3.3.11

Levitan abre a mala de poemas de Nei Duclós

Levitan também assina
a capa e as ilustrações
Anos 70. Poemas reunidos em uma velha mala em Blumenau. Um encontro entre Nei Duclós, Cláudio Levitan, Juarez Fonseca e Caio Fernando Abreu à beira do Guaíba, em Ipanema. E nasce Outubro, de Duclós. Os detalhes dessa história podem ser lidos aqui, no texto que Levitan fez para a orelha do livro, editado pelo IEL em 1975.

       Ao lado da cama de Nei uma mala velha e cheia de poesias. Abriu-se. Ali ele guardava os sonhos que passávamos, o despertar futuro e os pesadelos que nos perseguem.

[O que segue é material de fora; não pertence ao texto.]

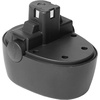 image:image3M PPS SUN GUN NICAD Battery 16398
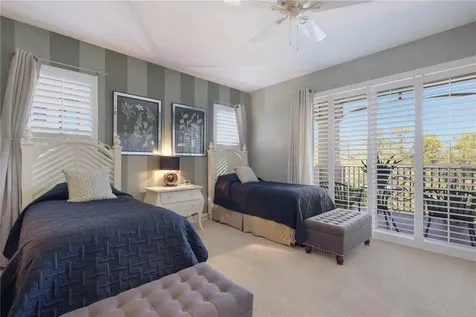 6422 Watercrest Way Lakewood Ranch FL 34202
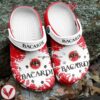 Bacardi Crocs Clogs Comfortable Shoes Crocband For Men Women, Unique Gift From  Vesles2014S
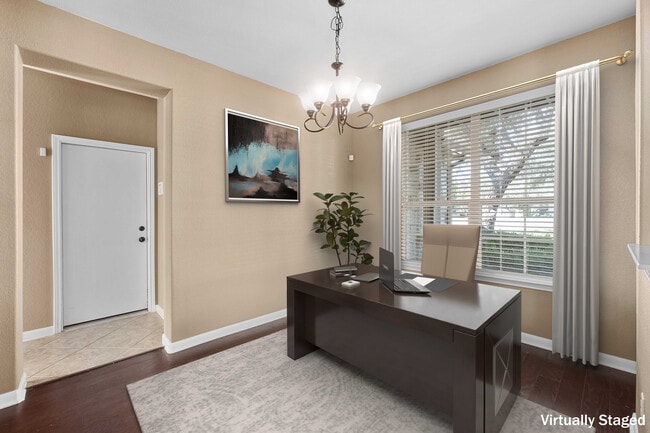 Photo - 17716 Linkhill Dr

Nei Duclós em Ipanema (1975)
Foto de Eneida Serrano

        Era 72. Um ano migratório, muitos indo para o norte: o Carnaval da Bahia. Era a luz, uma fresta, por ela passava um ar de liberdade. Muitos acreditando na era de Aquarius (o sonho). Discutíamos tudo, o real e o irreal. As contradições e a síntese. A era de Peixes findava (?).

        Minha meta era Salvador, o Carnaval também. Mas desviei para visitar amigos em Blumenau (SC). No meio daquela festa eles trabalhavam fazendo um bom jornal às margens do Itajaí. Um vale com bananeira, mato e malocas, com árvores e casas europeias. Uma cidade estranha: às vezes num passado sombrio e temeroso, às vezes pacata e bonita. Um pedaço.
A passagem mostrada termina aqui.